De allá lejos, de la blanca casita,
parecía salir un soplo de fuego que le envolvía, calcinando su carne hasta convertirla en cenizas. Creyó que la vista de aquel nido de amores y la voluptuosa noche eran lo que le excitaba, y huyó de la ventana, moviéndose a ciegas en su lóbrega habitación.
No había calma para él.
También en aquella lobreguez la veía, creyendo sentir en su cuello el roce de los turgentes brazos y en sus labios ardorosos aquel fresco beso que le había despertado de su desvanecimiento el día de la primera misa.
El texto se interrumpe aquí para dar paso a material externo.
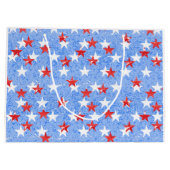 Americana Stars Gift Bag Groot Cadeauzakje (Achterkant)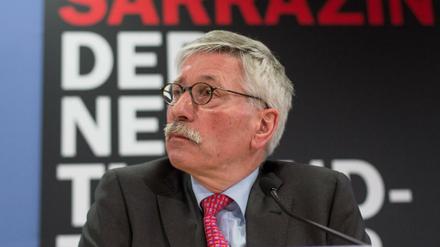 Der ehemalige Berliner Finanzsenator Thilo Sarrazin.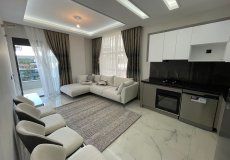 Продажа квартиры 1+1, 55 м2, до моря 3500 м в районе Оба, Аланья, Турция № 8093 – фото 14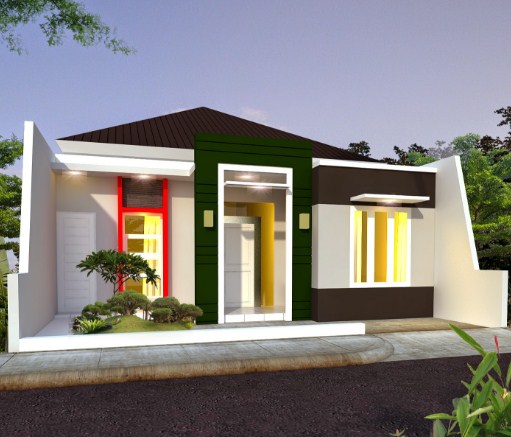  Model  Rumah  Minimalis  Satu  Lantai  2019 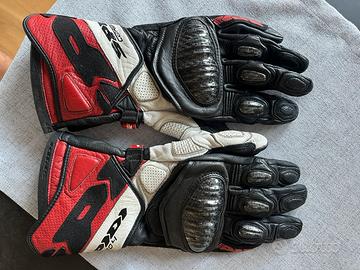 GUANTI da moto professionali - Spidi Carbo 4 Tg.XL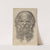 Mask of a Bald Man with Pointed Ears and a Long, Parted Beard (1635–1645) by François Chauveau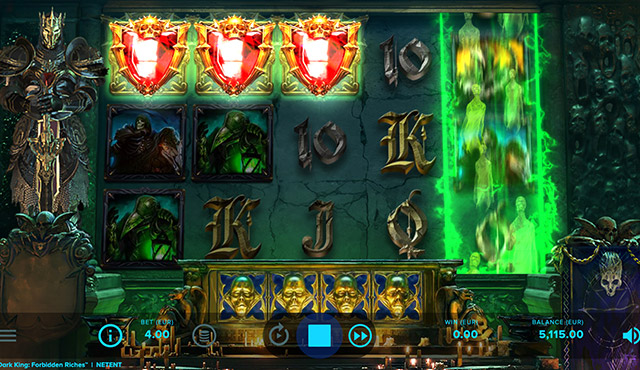 Dark King: Forbidden Riches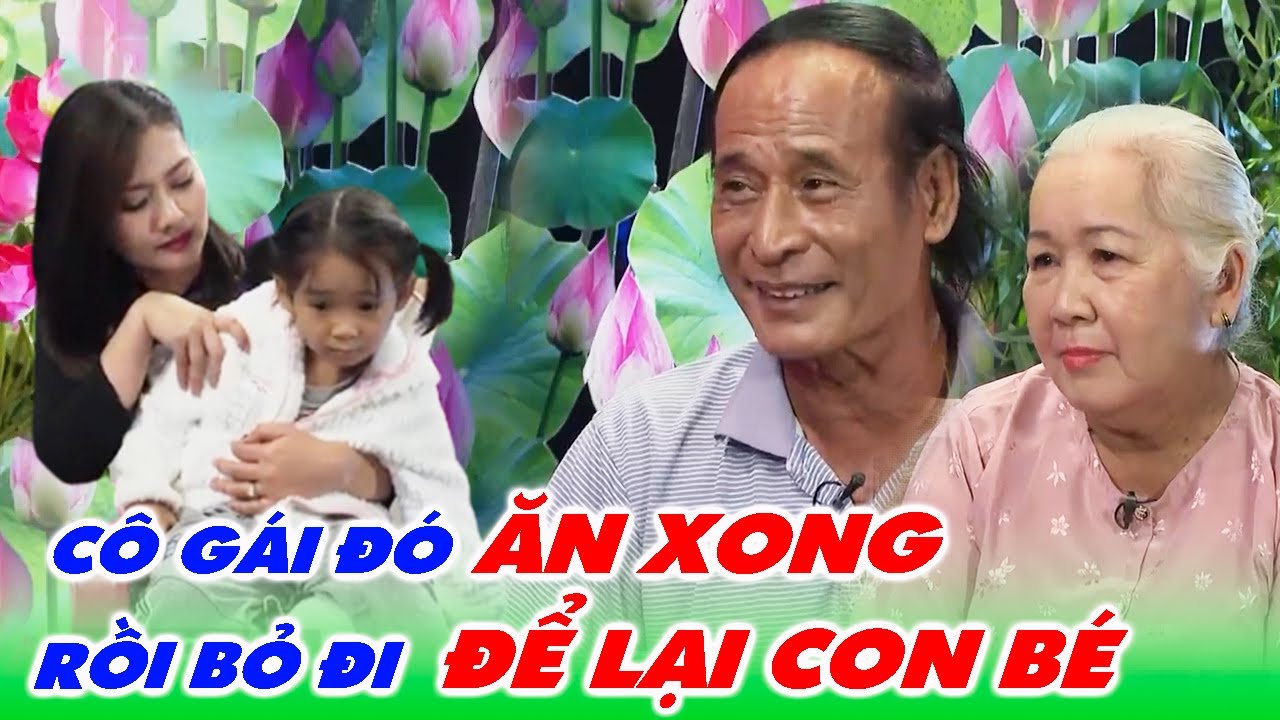 Hai vợ chồng già NUÔI BÉ GÁI bị mẹ BỎ RƠI ngay khi ăn xong ĐĨA BÁNH XÈO| LOVETV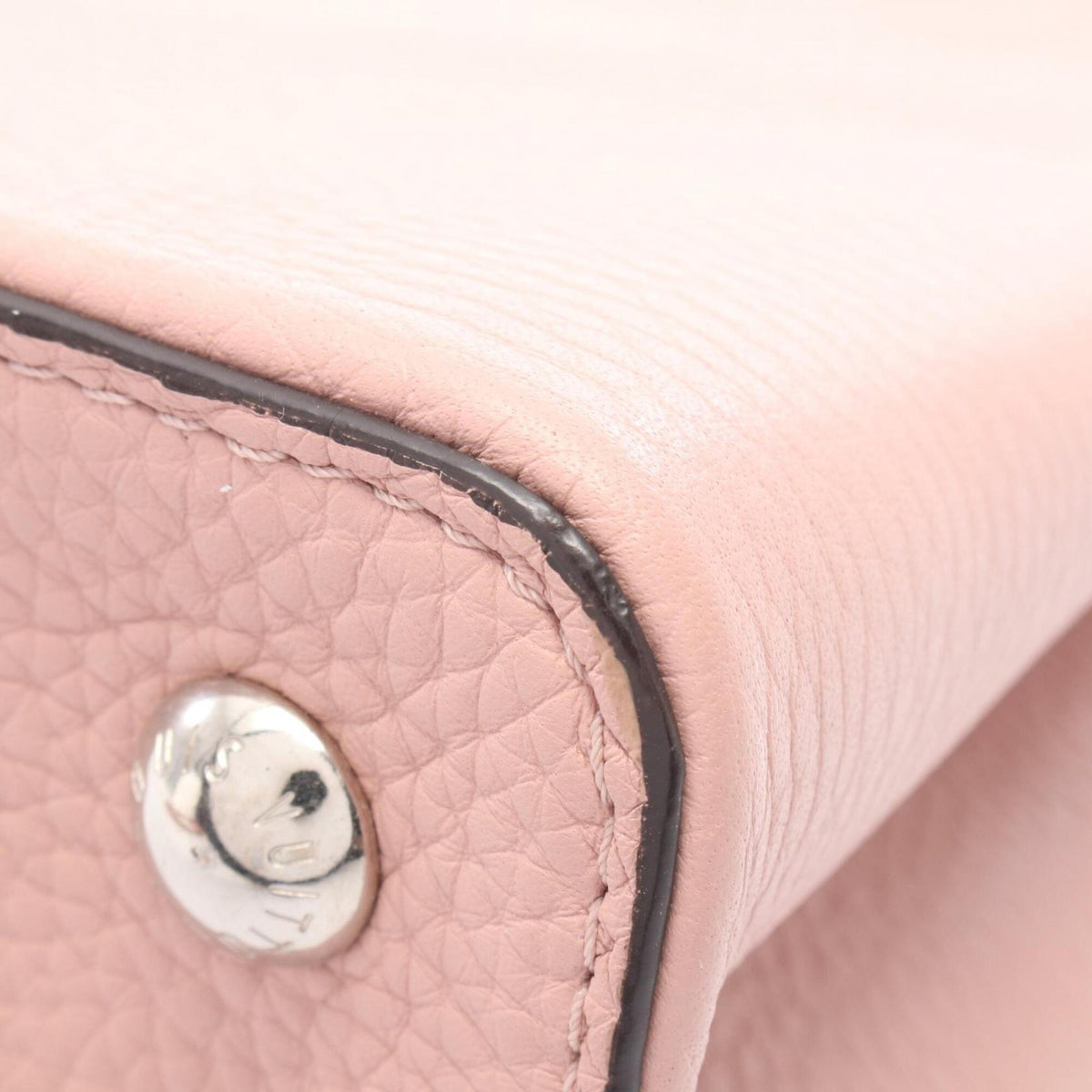 Louis Vuitton Pink Leather Handbag (Pre-Owned)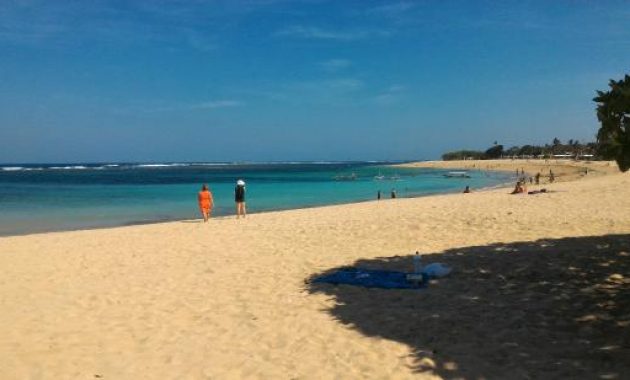 10 Pantai Di Nusa Dua Bali Indah Bagus Daerah Tersembunyi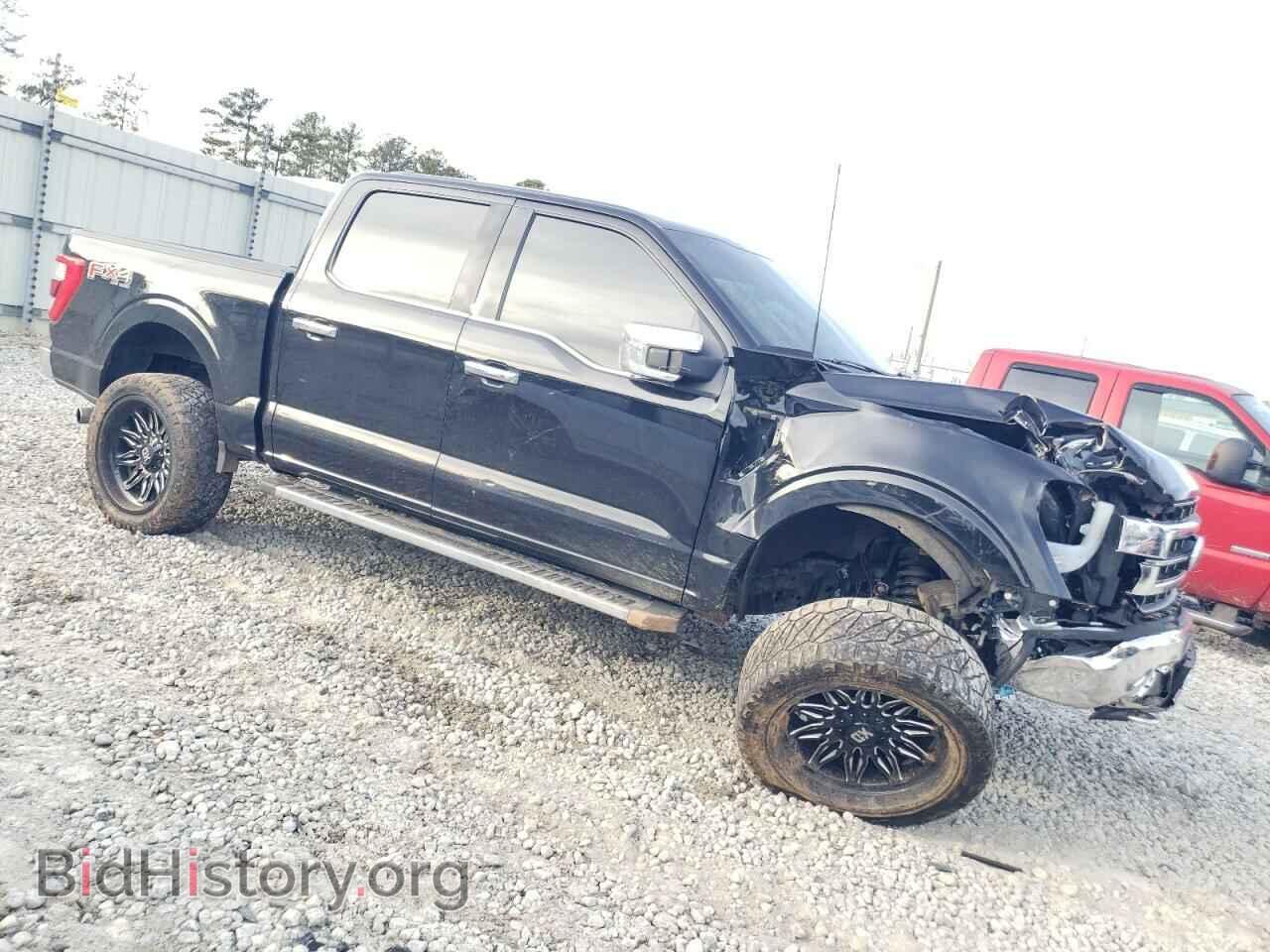 2021 FORD F-150 - VIN: 1FTFW1E83MKE31908 - Фото 4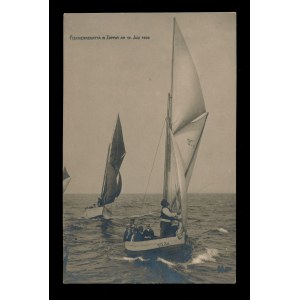 Sopot Regaty rybackie w Sopocie 10 lipca 1906 r (698)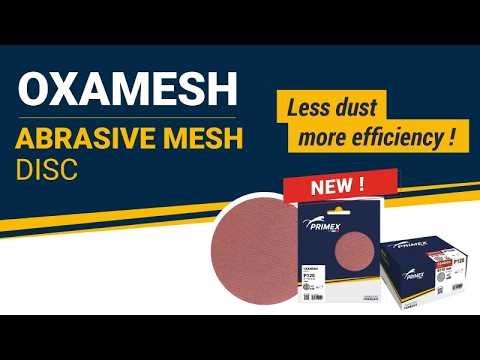 OXAMESH GW540 - The French mesh that changes your sanding !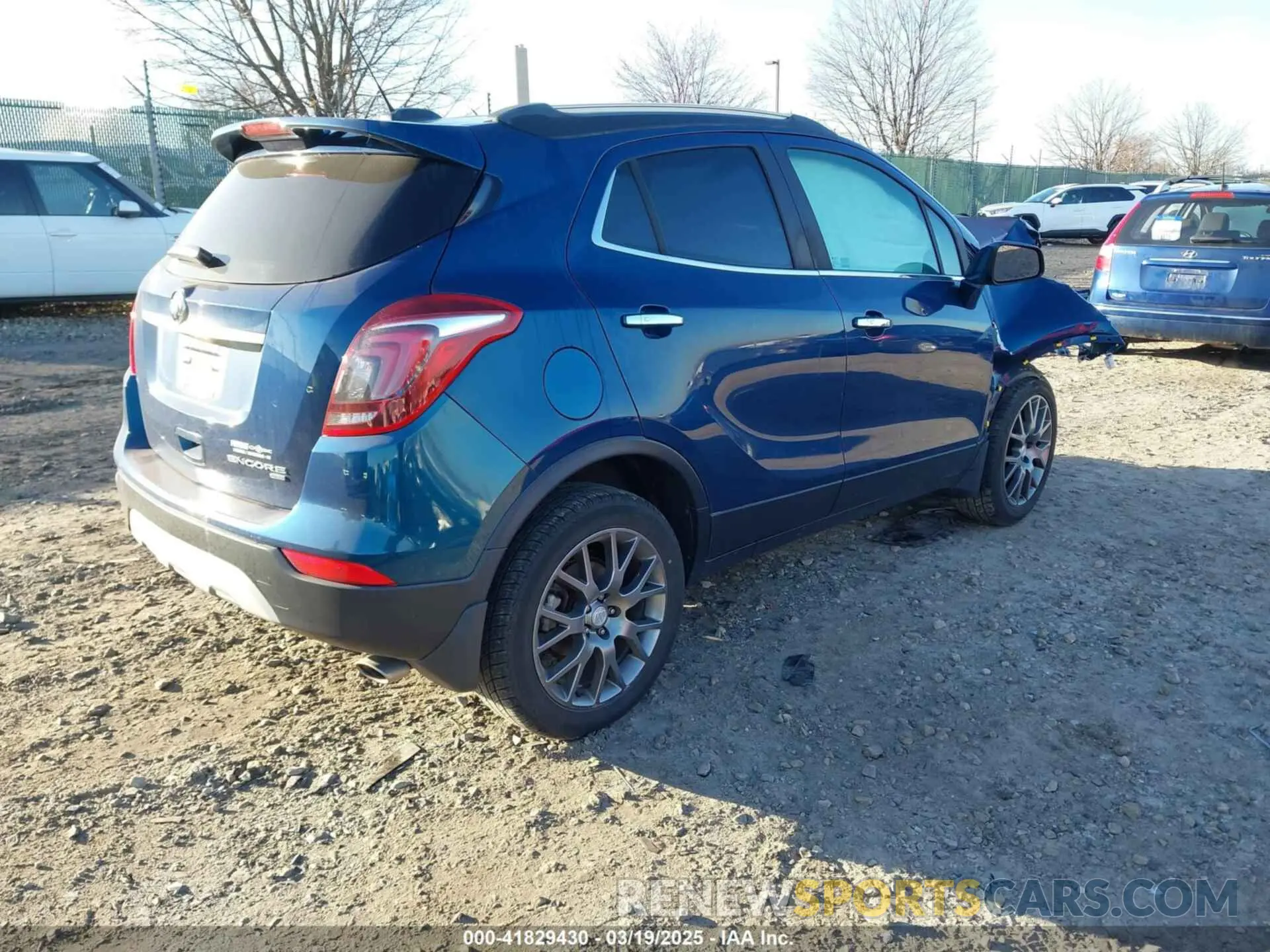 4 Photograph of a damaged car KL4CJ2SB1KB880003 BUICK ENCORE 2019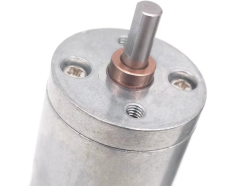 Moteur DC à Réducteur JGA25-370 Haute Couple (6V 12V 24V)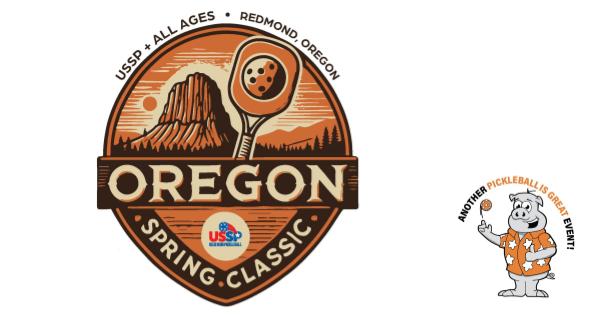 2025 OREGON Spring Classic ALL AGES + USSP logo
La combustión interna seguía, y el sufrimiento ya no era moral, pues la tensión de todo se ser producíale agudos dolores.
¡Aire, frescura! Y en el silencio de la lóbrega habitación sonó un chapoteo de agua removida, los suspiros de desahogo del pobre cura al sentir la glacial caricia en su abrasada piel.
Lentamente volvió a la ventana,
calmado por la fría inmersión. Un sentimiento de profunda tristeza le dominaba. Se había salvado, pero era momentáneamente; dentro de él llevaba el enemigo, el pecado, que acechaba, pronto a dominarle y vencerle, y aquella tremenda lucha reaparecía al día siguiente, al otro y al otro, amargando su existencia mientras el ardor de una robusta juventud animase su cuerpo. ¡Cuán sombrío veía el futuro! Luchar contra la Naturaleza, sentir en su cuerpo una glándula que trabajaba incesantemente y que con sólo la voluntad debía anular, vivir como un cadáver en un mundo que desde el insecto al hombre rige todos sus actos por el amor, parecíale el mayor de los sacrificios.